Trainer

TrainerConfig

class TrainerConfig(Config):
    def __init__(self, config_path_or_dict):
        super().__init__(config_path_or_dict)

        # optim_setting
        self.batch_size: int = self.config_dict["batch_size"]
        self.max_step = self.config_dict["max_step"]
        self.parallel: bool = self.config_dict.get("parallel", True)
        self.parallel_max_num = self.config_dict.get("parallel_max_num", 1)
        self.optim_order = self.config_dict["optim_order"]
        self.optimizers = self.config_dict["optimizers"]
        self.additional_info = self.config_dict.get("additional_info", {})

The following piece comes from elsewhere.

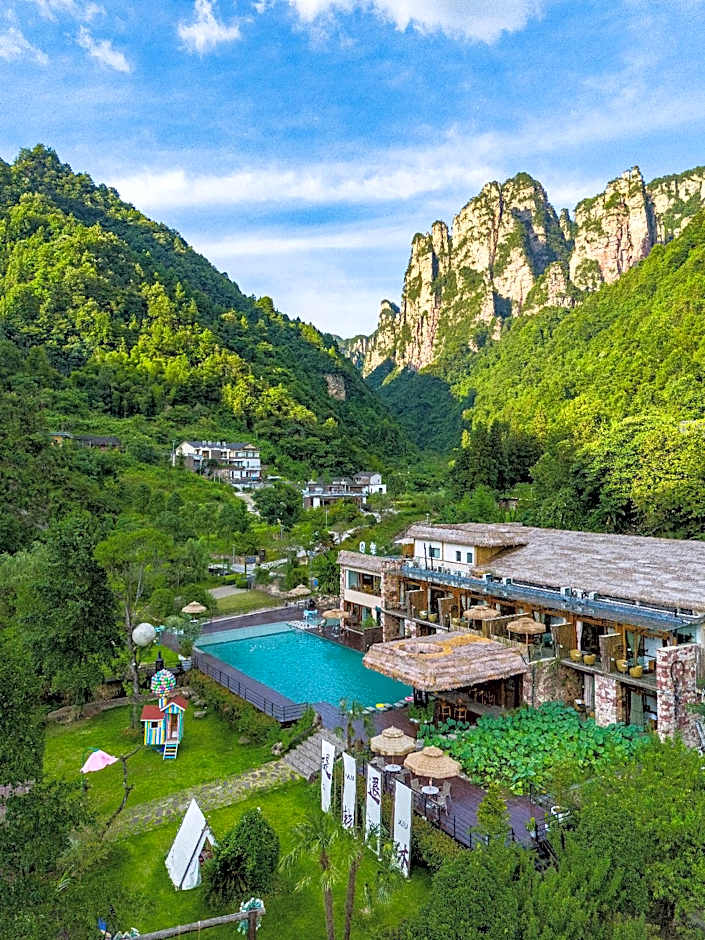 Pandora Vista Retreat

        # initial solution and optimizer config
        self.initial_solution_path = self.config_dict["initial_solution_path"]
        self.optimizer_config_path = self.config_dict["optimizer_config_path"]

        # dataset sample
        self.sample_kind: str = self.config_dict.get("sample_kind", "order")
        self.allow_duplicate_samples: bool = self.config_dict.get("allow_duplicate_samples", False)

        # task setting
        self.has_ground_truth = self.config_dict.get("has_ground_truth", False)
        self.has_eval_score = self.config_dict.get("has_eval_score", False)

        # early stop
        self.early_stop_threshold: float = self.config_dict.get("early_stop_threshold", 0.9)
        self.max_exceed_threshold_count = self.config_dict.get("max_exceed_threshold_count", 3)
        self.max_score_decline_count = self.config_dict.get("max_score_decline_count", 3)
        self.use_early_stop_threshold: bool = self.config_dict.get("use_early_stop_threshold", False)
        self.use_early_stop_score_decline: bool = self.config_dict.get("use_early_stop_score_decline", False)

        # roll back
        self.use_roll_back = self.config_dict.get("use_roll_back", False)
        self.log_path = self.config_dict["log_path"]

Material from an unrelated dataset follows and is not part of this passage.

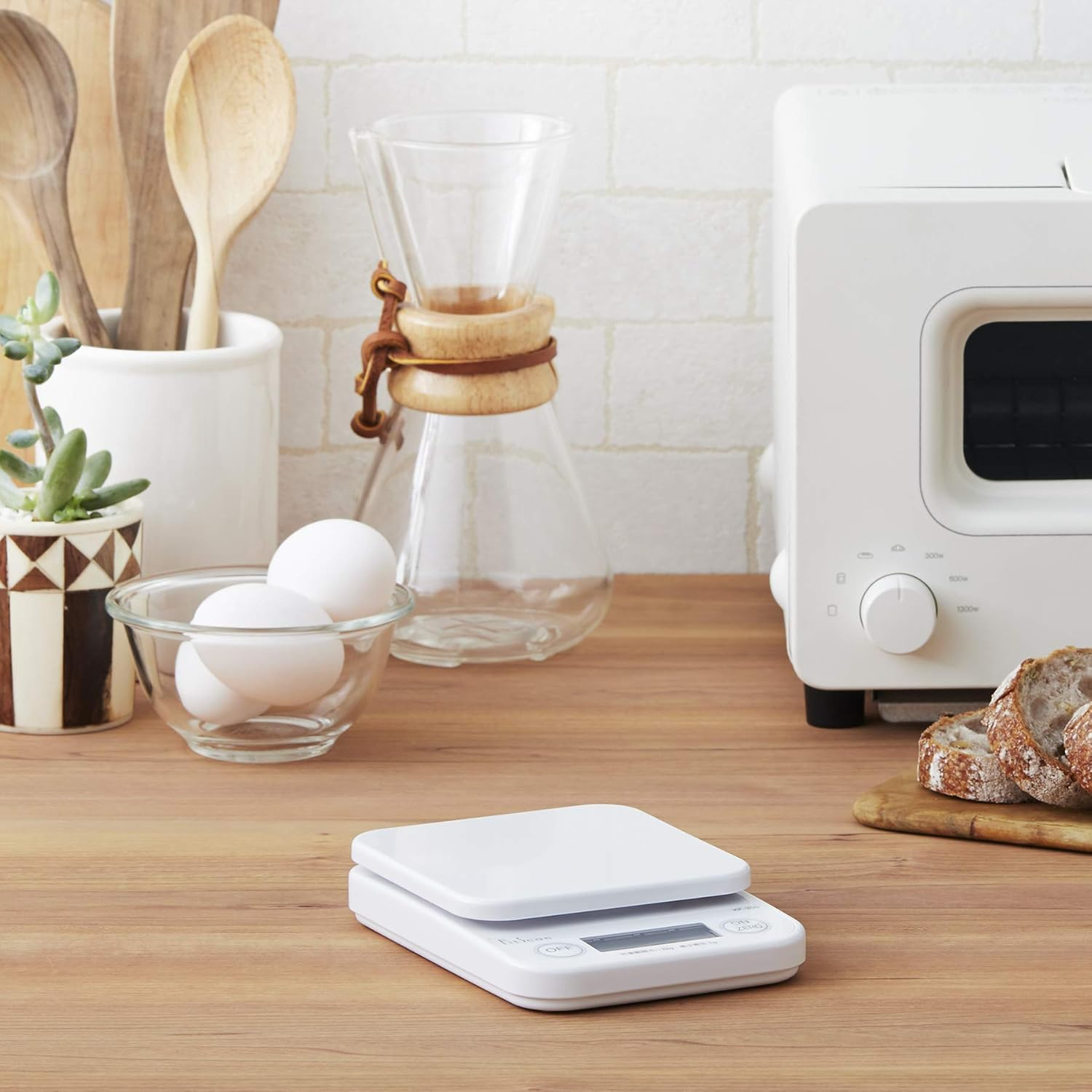 Tanita KF-200 WH Cooking Scale, 0.4 Oz (1 G) Unit, up to 4.4 Lbs (2 Kg), White, Kitchen Scale, Cooking, Digital image number 3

        # check the config
        if self.optim_order not in ["order", "up_to_down", "down_to_up", "random"]:
            self.optim_order = "order"

        # wandb_config
        self.wandb_config = self.config_dict.get("wandb_config", {})

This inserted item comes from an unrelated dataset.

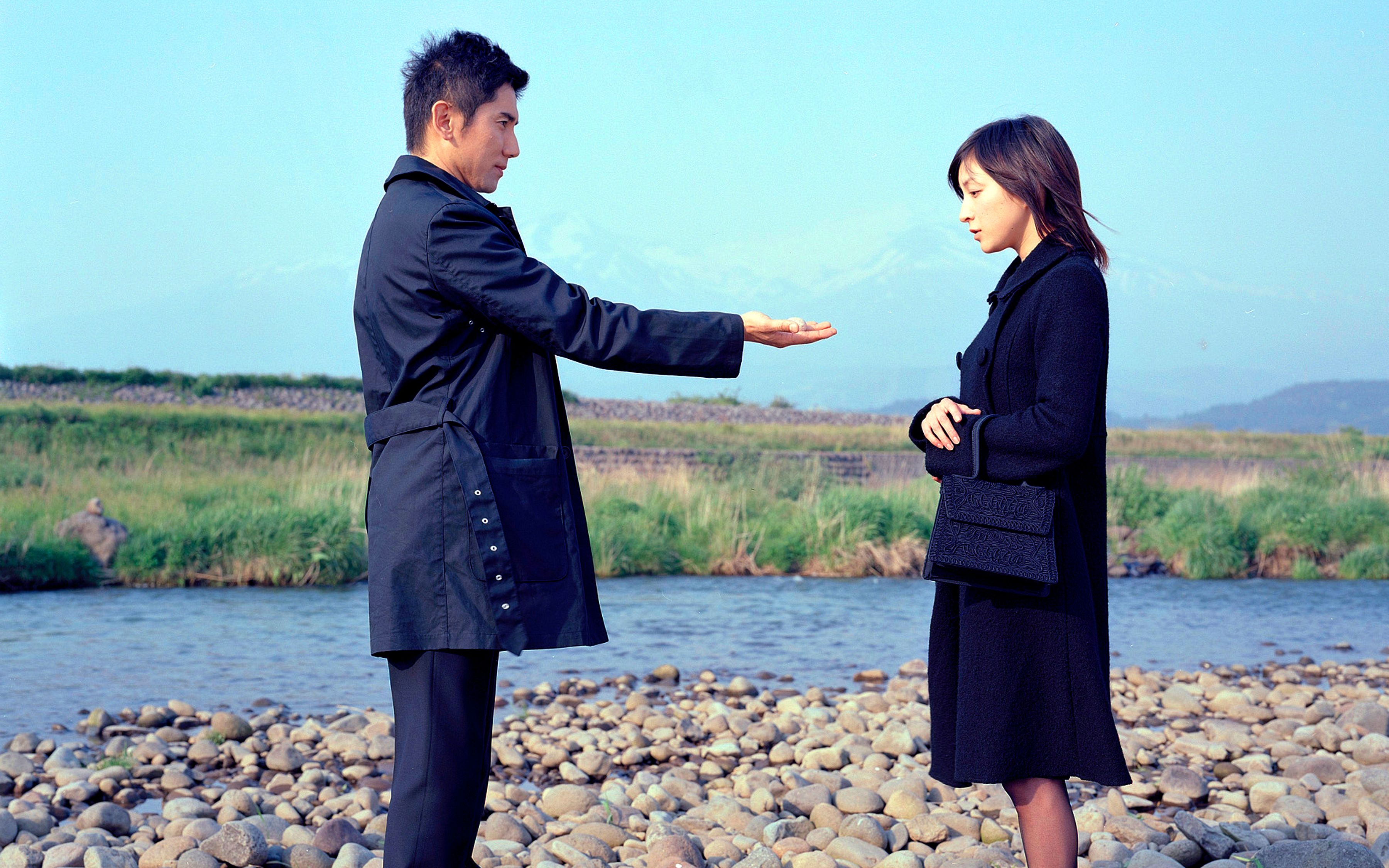 【重温经典】最漫长的告别,最温柔的电影——《入殓师》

        assert len(self.optimizers) > 0, "The number of optimizers that need to be used cannot be 0"
        for optimizer in self.optimizers:
            if optimizer not in ["prompt", "node", "sop", "toolkit"]:
                self.optimizers.remove(optimizer)
                print(f"optimizer {optimizer} can not in the options, it has been removed")

Trainer

class Trainer:
    def __init__(self, config: TrainerConfig, dataset: BaseDataset):
        """
        Init the trainer

        Args:
            config (TrainerConfig): The TrainerConfig used to initialize the Trainer
            dataset (BaseDataset): The dataset to be used for training, the actual type should be a subclass of BaseDataset
        """
        self.config = config

        self.log_path = Path(config.log_path)
        self.batch_size = config.batch_size
        self.max_step = config.max_step
        self.optimizer_config_path = config.optimizer_config_path
        self.optimizers = config.optimizers
        self.optim_order = config.optim_order

        # logger
        self.logger, self.time_path = setup_logging(self.log_path)
        self.logger.info(f"Logs are saved in{self.log_path / self.time_path}")
        self.config.dump(self.log_path / self.time_path / "trainer.json")

        # dataset
        self.dataset: BaseDataset = dataset
        self.sample_kind: str = config.sample_kind
        self.allow_duplicate_samples: bool = config.allow_duplicate_samples
        self.sampled_idx_set = set()

        # task setting
        self.has_ground_truth = config.has_ground_truth
        self.has_eval_score = config.has_eval_score

        # early stop
        self.use_early_stop_threshold: bool = config.use_early_stop_threshold
        self.use_early_stop_score_decline: bool = config.use_early_stop_score_decline
        self.early_stop_threshold: float = config.early_stop_threshold
        self.max_exceed_threshold_count = config.max_exceed_threshold_count
        self.max_score_decline_count = config.max_score_decline_count

        # roll back
        self.use_roll_back = config.use_roll_back

        # parallel
        self.parallel: bool = config.parallel
        self.parallel_max_num: int = config.parallel_max_num

        # wandb
        self.wandb_config = config.wandb_config
        wandb.init(**self.wandb_config, config=self.config.to_dict())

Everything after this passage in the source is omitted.